I know two families (one from Russia, one from Hong Kong) who did something similar to this. Mom and kids lived in here in owned properties with owned cars while the kids went to middle, high school and now university. Now, in both cases the father had significant economic clout (I believe they both owned successful businesses in their home countries) and I would suggest the spouse and dependants entry was tied on the father having attained PR status first (unlike suggested by the OP).


----------



## EVHB (Feb 11, 2008)

I know a parent can accompany a minor child that is studying in Canada, but you need to prove ties to your home country.
My son had a friend in high school, and his mom was here on a temp visa to take care of her 2 kids, who were international students (14 and 16 years old). But the dad could only come as a visitor, and had to fly between their homecountry and Canada. He was running a business in his homecountry.
I know the mom started studying here too, but at a private college. 
But this construction didn't give them the right to become permanent residents, she told me once. 

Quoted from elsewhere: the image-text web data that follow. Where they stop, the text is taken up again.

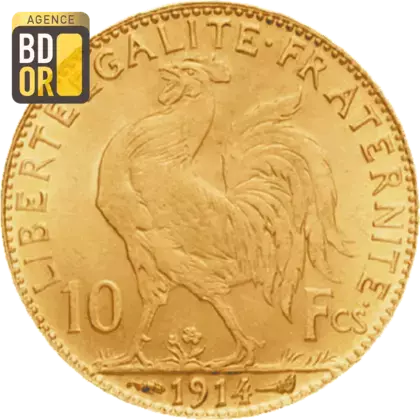 La Pièce D'or De 10 Francs Or 1907 Coq Marianne Demi Napoléon. - Vaor La Pièce D'or De 10 Francs Or 1907 Coq Marianne Demi Napoléon. - Vaor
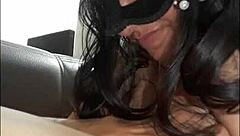 Thick stepmom sucks stepson dry until he nearly gags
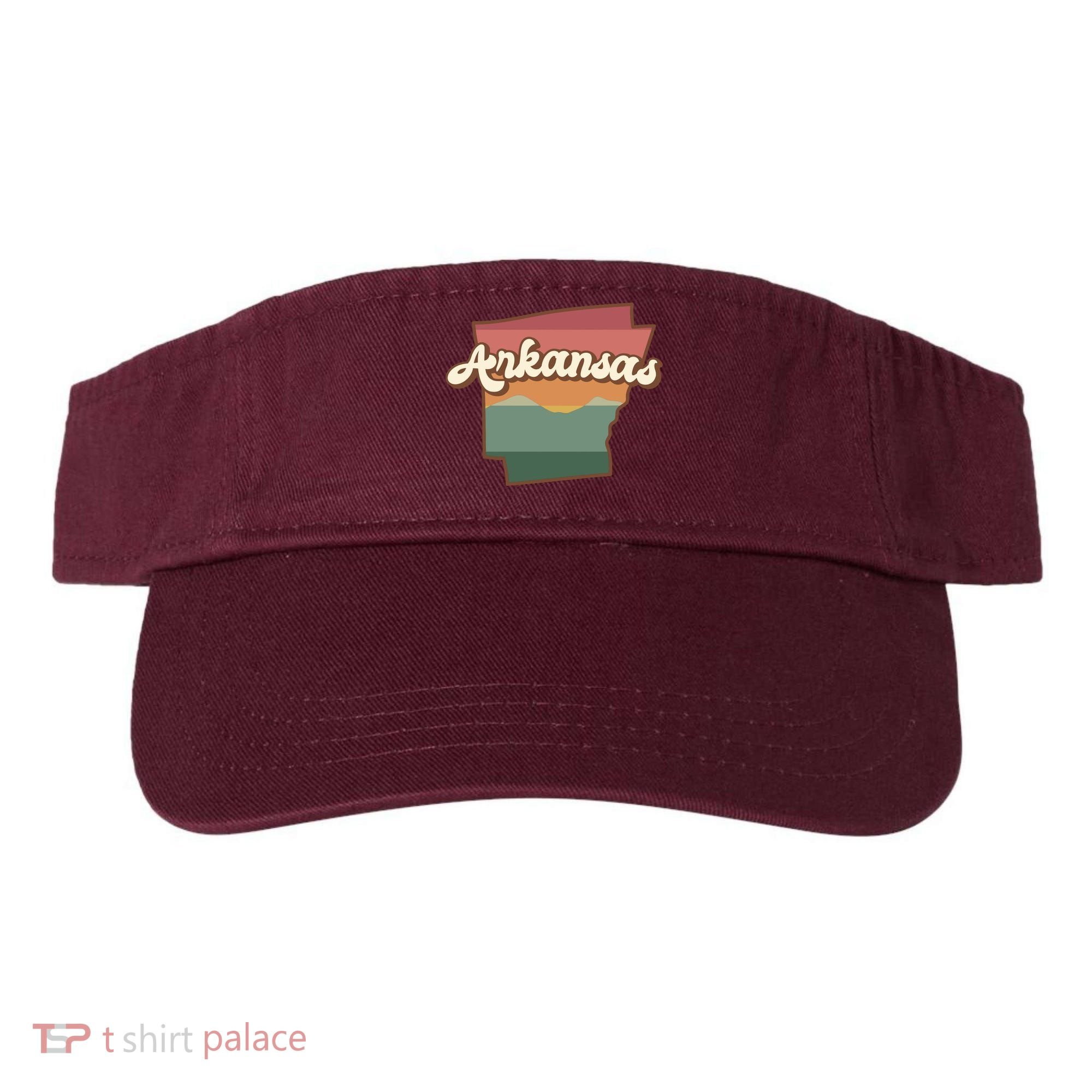 Arkansas Retro Sunset Visor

This is what I found on international students and parents who want to visit them:
Inviting Family

@Liam(at)Large: since you know such families, maybe you can ask them how they did it?


----------



## ismangun (Sep 29, 2012)

Hi All,

Thanks for all your replies.

I know this is more like a 'retirement plan' which is quite difficult to navigate.

@Liam(at)Large: I will really appreciate if you can ask them how they did it and share it with me.

Cheers,


----------